A previously unknown group called “the Media Section of Ansar Al Mujahideen” posted a teaser video today on a well-known Internet forum associated with al-Qaeda that promotes an upcoming full-feature package called “Your Brothers in Maldives are Calling You!”

The teaser lasts 1 minute and 49 seconds and features clips recorded inside a Wahhabi mosque during the October 6, 2007, standoff between approximately 90 masked militants armed with swords and iron rods and 100 government soldiers on Himandhoo island. The tiny island, which belongs to Alif Alif atoll, lies 50 miles to the west of Male’, measures only 750m across and has a population of 583 residents. It is known as a hotbed of Wahhabi activity and, according to multiple intelligence sources, was a major transit point for South and Southeast Asian militants traveling by boat to fight in Somalia in the Fall and Winter of 2006.

The standoff occurred at the unregistered Dhar-al-Khuir Mosque on October 6, 2007, which was harboring at least two members of a cell that orchestrated the country’s first Jihadist terror attack. The attack, on September 29 at a popular tourist drop-off point in Male’, injured 12 foreign nationals and, according to police investigations, was funded by Islamic NGOs in Pakistan and the UK. Although the NGOs have not yet been named publicly, knowledgeable Maldives observers suspect the Idara Khidmat-e-Khalq NGO, the charitable wing of the Lashkar-e-Taiba.

When fully released, the video will mark the first al Qaeda messaging product that features the Maldives. It is likely a call for foreign recruitment and financing for the local terror cell, which is believed to have grown considerably in the past year. The Maldives is believed to fall under the purview of Fazul Abdullah Mohammed, a Comorro who is wanted for the 1998 East Africa embassy attacks and is believed to be hiding inside Somalia.
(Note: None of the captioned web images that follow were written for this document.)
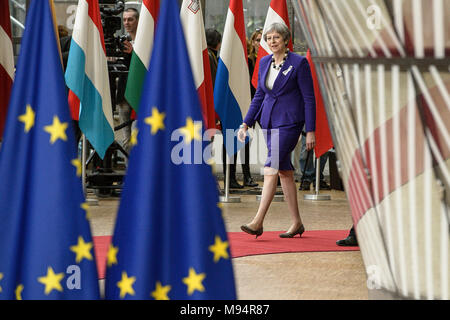 Brüssel, Bxl, Belgien. 22 Mär, 2018. Der britische Premierminister Theresa May kommt für den Europäischen Rat, die EU-Mitgliedstaaten in Brüssel, Belgien am 22.03.2018 von Wiktor Dabkowski Credit: Wiktor Dabkowski/ZUMA Draht/Alamy leben Nachrichten Stockfoto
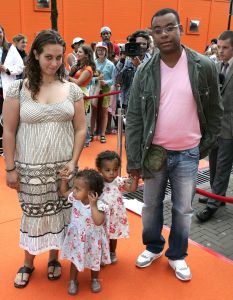 15-08-2004 SHOWBIZZ; FILMPREMIERE GARFIELD TE AMSTERDAM. Tal van bekende nederlanders en hun kindren kwamen naar de film Garfield. familie Howard Komproe 
FOTO; ALBERTDEN ISEGER.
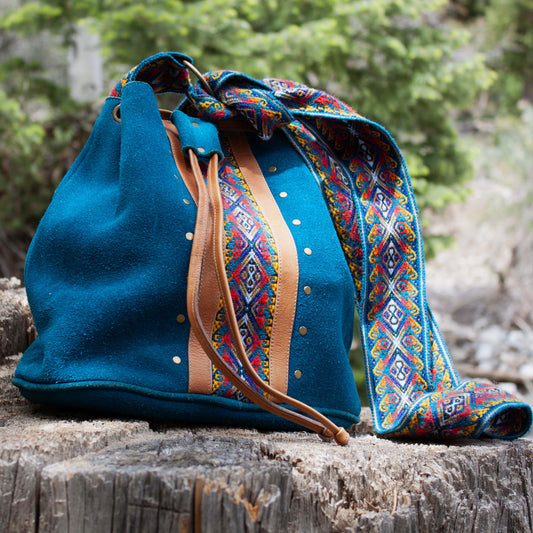 SAYA Bucket bag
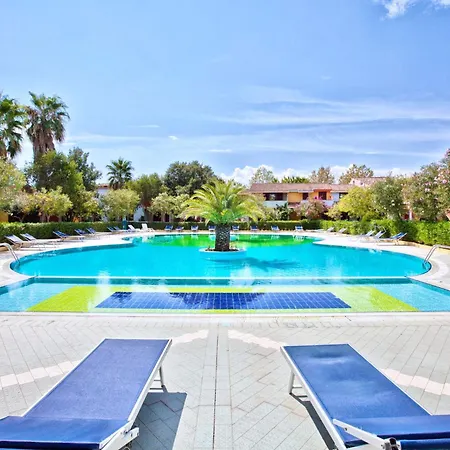 Isa-residence With Swimming-pool In Ottiolu Just 250 Mt From The Sea, With Air Conditioning And Private Outdoor Area מלון דירות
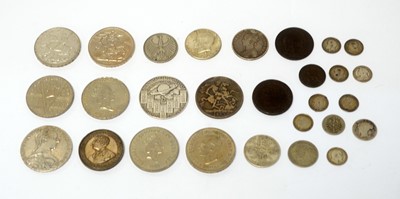 Lot 89 - A 900 standard silver medallion with calendar and zodiac design and other coins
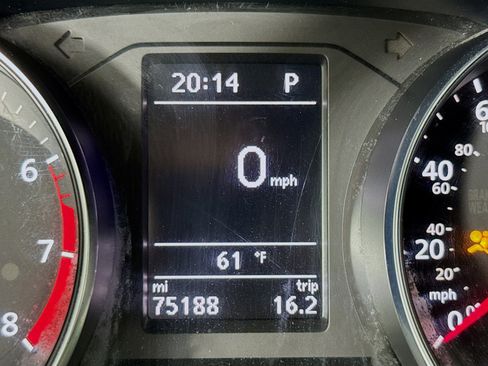 Used 2016 Volkswagen Passat 1.8T S image 15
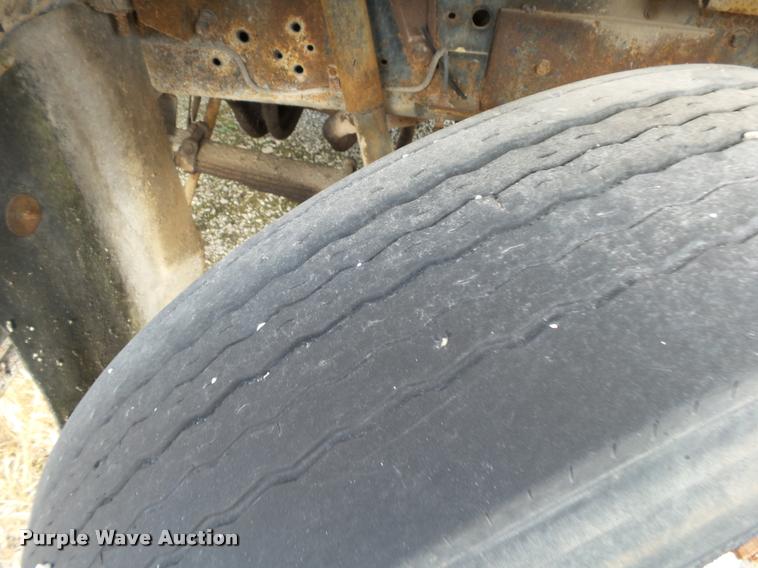 image for item K1065 1981 Ford F85 dump truck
Interestingly, the teaser appears to be an indigenous product. It was seeded in 3 file formats (WMV, MP4 and FLV) and 4 sizes across 23 sites, including rapidshare.com, zshare.net, megaupload.com, badongo.com, and archive.org. The archive.org location appears to be the master distribution point and is registered to a false e-mail address “walad99@spambog.net.” It also contains documents with keywords related to travel and tourism, which is the main source of income for the country and the main issue of contention for Maldivian militants.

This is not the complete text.